II. LEGAL STANDARD Under 28 U.S.C. § 2241, “the federal courts have the power to grant writs of habeas corpus [o]n behalf of, inter alios, prisoners who are ‘in custody in violation of the Constitution or laws or treaties of the United States.’” Poindexter v. Nash, 333 F.3d 372, 377 (2d Cir. 2003) (quoting 28 U.S.C. § 2241) (internal citations omitted). A petition pursuant to § 2241 is an appropriate manner to challenge the execution of a sentence, including the conditions of confinement. Id. Petitioner “bears the burden of proving that [s]he is being held contrary to law; and because the habeas proceeding is civil in nature, [she] must satisfy [t]his burden of proof by a preponderance of the evidence.” McDonald v. Feeley, 535 F. Supp. 3d 128, 135 (W.D.N.Y. 2021) (quoting Dzhabrailov v. Decker, No. 20-CV-3118 (PMH), 2020 WL 2731966, at *3 (S.D.N.Y. May 26, 2020)).

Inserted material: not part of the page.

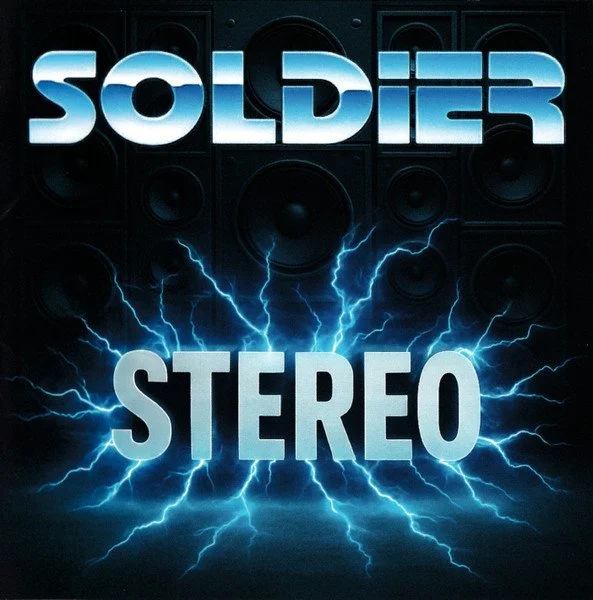SOLDIER – Stereo CD — Electric Shock Metal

III. DISCUSSION Petitioner asserts that Respondents’ conduct violated her procedural due process rights under the Fifth Amendment. Specifically, she asserts that she had a liberty interest in remaining on home confinement, and therefore that she was entitled to certain procedural protections before being reincarcerated, including notice of the alleged violation(s), a hearing before a neutral decisionmaker, and a written statement from the decision maker laying out the evidence and reasoning underpinning the ultimate decision, all of which BOP failed to provide her. She seeks declaratory judgment (pursuant to the Declaratory Judgment Act, or “DJA”) that her rights were violated, her immediate release,

an injunction prohibiting her reincarceration absent correction of the alleged violations, and compensation to recover her attorneys’ fees and costs. Respondents take the position that the BOP has exclusive and unlimited discretion to “redesignate” individuals on home confinement, for any reason or no reason at all. They argue that Petitioner has no liberty interest in remaining on home confinement, and therefore that she was not entitled to any process at all before her reincarceration. They further argue that the Petition is not properly before this court, since Petitioner failed to exhaust her administrative remedies prior to initiating this action. The court will address the issue of exhaustion first. A. Exhaustion Exhaustion of administrative remedies is a precondition of habeas relief; a petitioner is required to present their grievance to the relevant custodial authority and to pursue that relief through all available administrative appeals before filing a habeas petition in federal court. Muhmmaud v. Murphy, No. 3:08-CV-1199 (VLB), 2009 WL

4041404, at *9 (D. Conn. Nov. 19, 2009). For some petitions, exhaustion is mandated by statute, but for others, the requirement is merely prudential, meaning courts require it even in the absence of a legislative mandate. Pimentel v. Gonzales, 367 F. Supp. 2d 365, 371 (E.D.N.Y. 2005). Still, the prudential requirement often has certain exceptions.